**WORK REQUIRED:** For this exercise, copy exactly every line from the one holding "BUZZ, Adoptable, Adult" through the end of the data, both included. Omit pictures.

---------- EXERCISE INPUT ----------

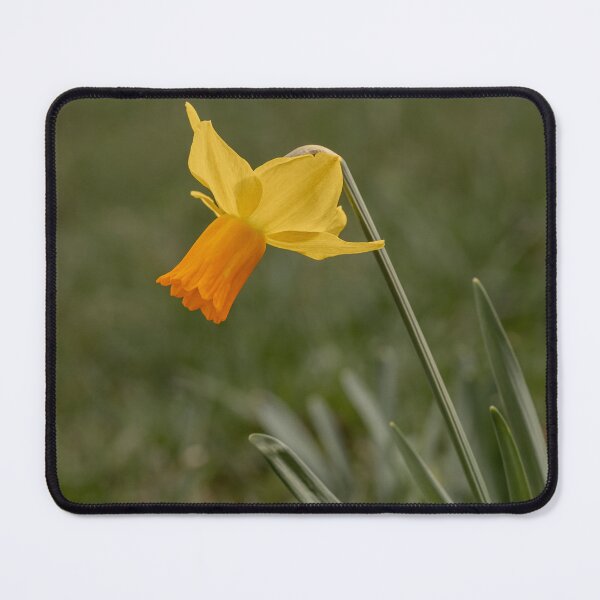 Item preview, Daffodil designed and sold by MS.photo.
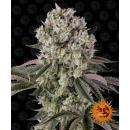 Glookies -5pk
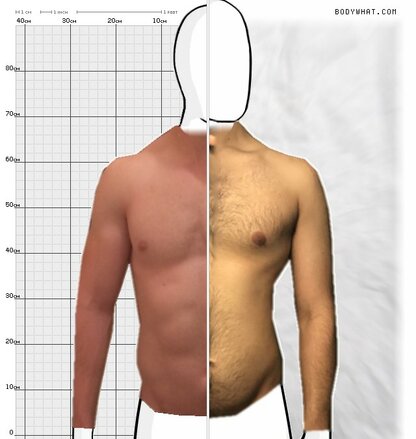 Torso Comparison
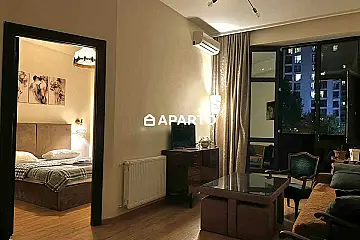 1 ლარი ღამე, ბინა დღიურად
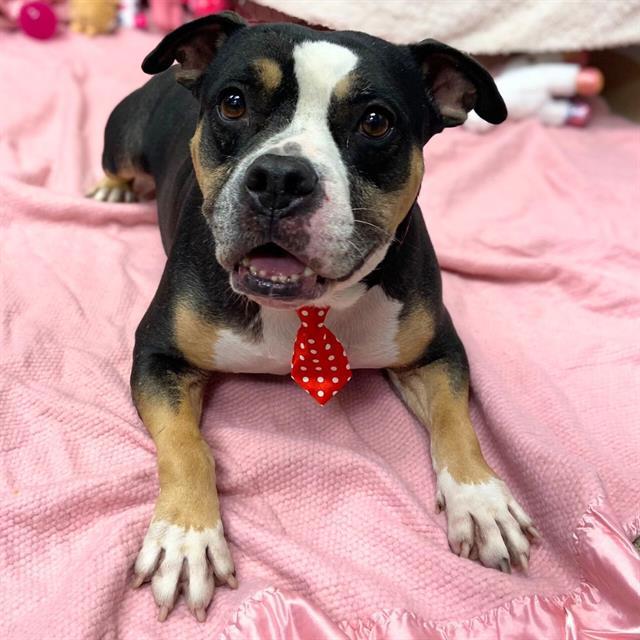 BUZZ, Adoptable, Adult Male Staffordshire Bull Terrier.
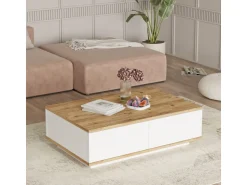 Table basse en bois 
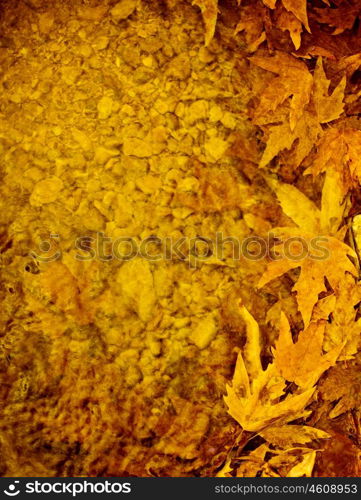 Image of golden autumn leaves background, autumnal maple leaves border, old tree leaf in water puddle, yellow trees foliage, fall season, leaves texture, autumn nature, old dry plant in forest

----------

**WRITTEN SOLUTION:**
 BUZZ, Adoptable, Adult Male Staffordshire Bull Terrier.
 Table basse en bois 
 Image of golden autumn leaves background, autumnal maple leaves border, old tree leaf in water puddle, yellow trees foliage, fall season, leaves texture, autumn nature, old dry plant in forest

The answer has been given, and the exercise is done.